We present a new neural network, the XPDNet, for MRI reconstruction from periodically under-sampled multi-coil data. We inform the design of this network by taking best practices from MRI reconstruction and computer vision. We show that this network can achieve state-of-the-art reconstruction results, as shown by its ranking of second in the fastMRI 2020 challenge.

Introduction

The acceleration of the scan time of Magnetic Resonance Imaging (MRI) can be done using Compressed Sensing (CS)1 and Parallel Imaging (PI)2,3. To have access to the underlying anatomical object $$$x\in\mathbb{C}^{n \times n}$$$, one must solve the following idealized inverse problem for all coils:

$$M_{\Omega} F S_\ell x = y_\ell, \quad \forall \ell=1,\ldots, L$$

where $$$M_{\Omega}\in\{0,1\}^{n\times n}$$$ is a mask indicating which points in the Fourier space (also called k-space) are sampled, $$$S_\ell\in\mathbb{C}^{n\times n}$$$ is a sensitivity map for coil $$$\ell$$$, $$$F$$$ is the 2D Fourier transform, and $$$y_\ell\in\mathbb{C}^{n \times n}$$$ is the k-space measurement for coil $$$\ell$$$. This is typically solved with optimization algorithms that introduce a regularisation term to cope with indeterminacy.

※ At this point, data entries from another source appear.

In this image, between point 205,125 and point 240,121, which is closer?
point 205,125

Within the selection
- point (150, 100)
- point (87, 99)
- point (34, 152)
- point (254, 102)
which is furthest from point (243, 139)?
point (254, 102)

$$argmin \sum_{\ell=1}^L \frac{1}{2} \|y_\ell-M_{\Omega} F S_\ell x \|_{2}^{2}+R(x)$$

The places where learning could improve the quality and the speed of the reconstruction are:

  • the optimization algorithm hyper-parameters like step sizes and momentum;
  • the sensitivity maps $$$(S_{\ell})_\ell$$$, usually estimated using ESPIRiT4;
  • the regularizer $$$R(x)$$$, usually $$$\lambda \|\psi x\|_1$$$ where $$$\psi$$$ is the decomposition over some wavelet basis;
  • the data consistency term $$$\sum_{\ell=1}^L \frac{1}{2}\left\|y_{\ell}-M_{\Omega} F S_{\ell} x\right\|_{2}^{2}$$$, usually derived from an additive white Gaussian noise model.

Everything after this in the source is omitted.